> What to work on: Repeat each entry in the listing word for word.

START Dataset content

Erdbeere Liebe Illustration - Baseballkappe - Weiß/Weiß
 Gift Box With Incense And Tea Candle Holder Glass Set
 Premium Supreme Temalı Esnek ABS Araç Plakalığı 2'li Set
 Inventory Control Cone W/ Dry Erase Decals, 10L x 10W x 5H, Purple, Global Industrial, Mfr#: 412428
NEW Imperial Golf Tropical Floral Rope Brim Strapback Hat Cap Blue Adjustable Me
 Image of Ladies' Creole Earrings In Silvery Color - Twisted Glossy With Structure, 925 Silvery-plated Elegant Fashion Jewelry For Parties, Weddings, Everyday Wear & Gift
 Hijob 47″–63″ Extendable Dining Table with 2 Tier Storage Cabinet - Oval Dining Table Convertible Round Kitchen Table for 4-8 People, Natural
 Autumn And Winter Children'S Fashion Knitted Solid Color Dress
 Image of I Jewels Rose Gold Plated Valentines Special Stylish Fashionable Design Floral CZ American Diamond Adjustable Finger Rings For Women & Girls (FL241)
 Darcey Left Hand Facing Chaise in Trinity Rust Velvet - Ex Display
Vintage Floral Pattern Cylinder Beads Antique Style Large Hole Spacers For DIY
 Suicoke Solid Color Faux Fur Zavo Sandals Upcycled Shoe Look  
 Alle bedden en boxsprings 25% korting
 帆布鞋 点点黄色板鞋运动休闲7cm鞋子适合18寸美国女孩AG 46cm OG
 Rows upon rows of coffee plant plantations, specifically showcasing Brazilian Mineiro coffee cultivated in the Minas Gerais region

END Dataset content

> Exercise result:
Erdbeere Liebe Illustration - Baseballkappe - Weiß/Weiß
 Gift Box With Incense And Tea Candle Holder Glass Set
 Premium Supreme Temalı Esnek ABS Araç Plakalığı 2'li Set
 Inventory Control Cone W/ Dry Erase Decals, 10L x 10W x 5H, Purple, Global Industrial, Mfr#: 412428
NEW Imperial Golf Tropical Floral Rope Brim Strapback Hat Cap Blue Adjustable Me
 Image of Ladies' Creole Earrings In Silvery Color - Twisted Glossy With Structure, 925 Silvery-plated Elegant Fashion Jewelry For Parties, Weddings, Everyday Wear & Gift
 Hijob 47″–63″ Extendable Dining Table with 2 Tier Storage Cabinet - Oval Dining Table Convertible Round Kitchen Table for 4-8 People, Natural
 Autumn And Winter Children'S Fashion Knitted Solid Color Dress
 Image of I Jewels Rose Gold Plated Valentines Special Stylish Fashionable Design Floral CZ American Diamond Adjustable Finger Rings For Women & Girls (FL241)
 Darcey Left Hand Facing Chaise in Trinity Rust Velvet - Ex Display
Vintage Floral Pattern Cylinder Beads Antique Style Large Hole Spacers For DIY
 Suicoke Solid Color Faux Fur Zavo Sandals Upcycled Shoe Look  
 Alle bedden en boxsprings 25% korting
 帆布鞋 点点黄色板鞋运动休闲7cm鞋子适合18寸美国女孩AG 46cm OG
 Rows upon rows of coffee plant plantations, specifically showcasing Brazilian Mineiro coffee cultivated in the Minas Gerais region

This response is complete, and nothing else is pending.